# Critical Duty 9mm for Hunting ?



## Hunt&Fish (Aug 8, 2012)

Anybody tried the Critical Duty loads from Hornaday ?
Seems like this deep penetrating load ought to be good on game.
I sometimes encounter hogs when I'm walking from my deer stand to my truck after dark. I've got a 45 Glock and a 9MM glock.

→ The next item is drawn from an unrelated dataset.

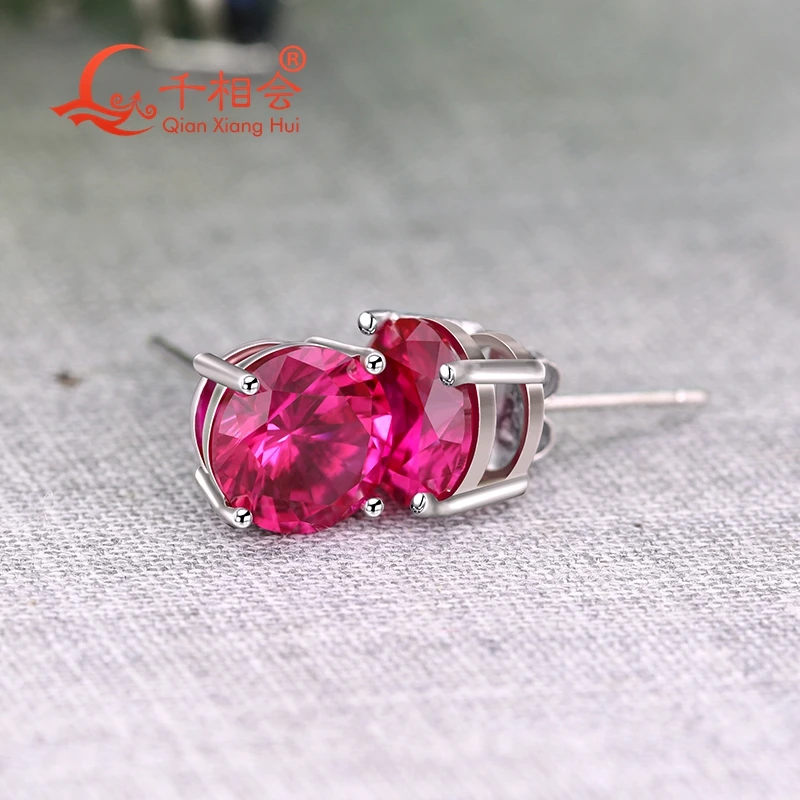 Серьги-гвоздики из серебра 925 пробы с розовым корундом круглой формы 8 мм |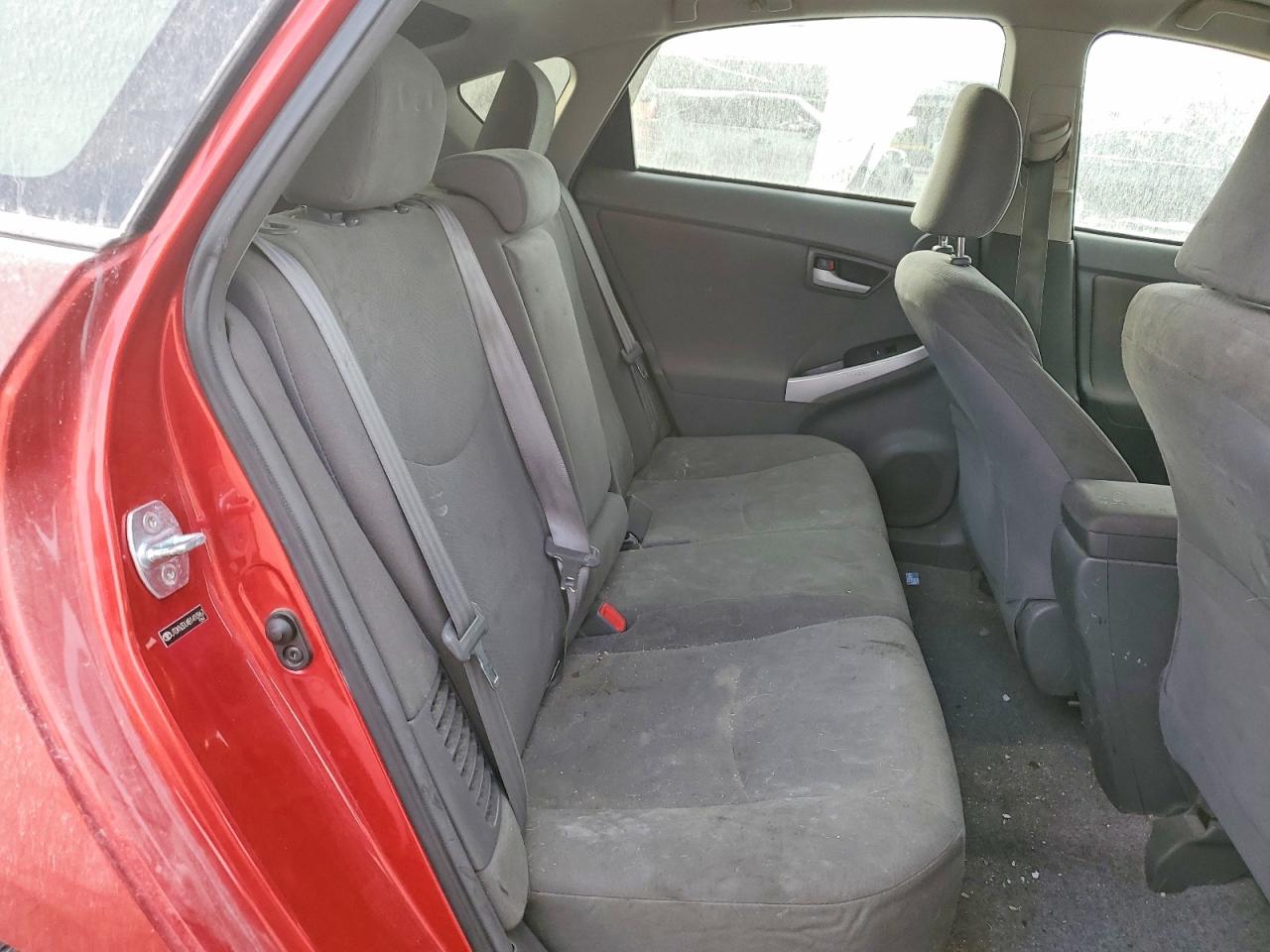 2011 TOYOTA PRIUS photo 11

Which would you use if a hog charges you and what load would you use?


----------



## chadeugene (Aug 9, 2012)

I would imagine that the 45 ACP has more knockdown power (just an assumptions) however, I would probably use whichever I felt more comfortable and competent with.


----------



## GLS (Aug 9, 2012)

A 9 mm may expand, but a .45 will never shrink.


----------



## doofus (Aug 10, 2012)

one thing to remember....friends dont let friends shoot 9mm...


----------



## Ohoopee Tusker (Aug 10, 2012)

I usually stay out of these V/S threads but... I have no experience with the critical duty ammo however if using FMJ's a 9mm will penetrate deeper than a .45 in my experience. If those were my only choices I would be loaded with FMJ ammo.


----------



## HandgunHTR (Aug 11, 2012)

If you are only thinking about charging hogs, I too would go with the 9mm and FMJs.  I will take 14 rounds of fast "penetration" rounds over 8 rounds of heavy and slow.

If you are truly thinking of hunting with a handgun, then there are much better options than the 9mm or 45.


----------



## fishtail (Aug 11, 2012)

Well, somethin's better than nothin', I guess.
Guys, I've had surprised hogs tote off 2000 foot pounds of bullet and go over 50 yards before stopping. If I was charged, I'd be cut to pieces. 
Once recovered I seen the bullet and placement did their job. The hogs just didn't understand it.


----------



## trial&error (Aug 11, 2012)

Since you specifically said hunting no it is not even a good choice.  You want entry/exit hole and good blood trail to follow.


----------



## tcward (Aug 11, 2012)

gls said:


> a 9 mm may expand, but a .45 will never shrink.



x2!


----------



## Wiskey_33 (Aug 13, 2012)

doofus said:


> one thing to remember....friends dont let friends shoot 9mm...



yawn.


----------



## Larry Rooks (Aug 15, 2012)

if ya gonna hunt with a 9, limit it to rabbits and tree rats cause it aint no hog gun for sure


----------



## tgc (Aug 16, 2012)

Any of ya'll see the pigman on tv shoot the hog with a 9mm? The hog was a big one and it already had 2 arrows in it. They were tracking it and got it cornered. It charged pigman from about 10 yards and he unloaded, I'd say 15 shots into it and it slid up to his feet dead. Judging by this I'd say if you insist on using a 9 it should be high capacity and full metal jackets.


----------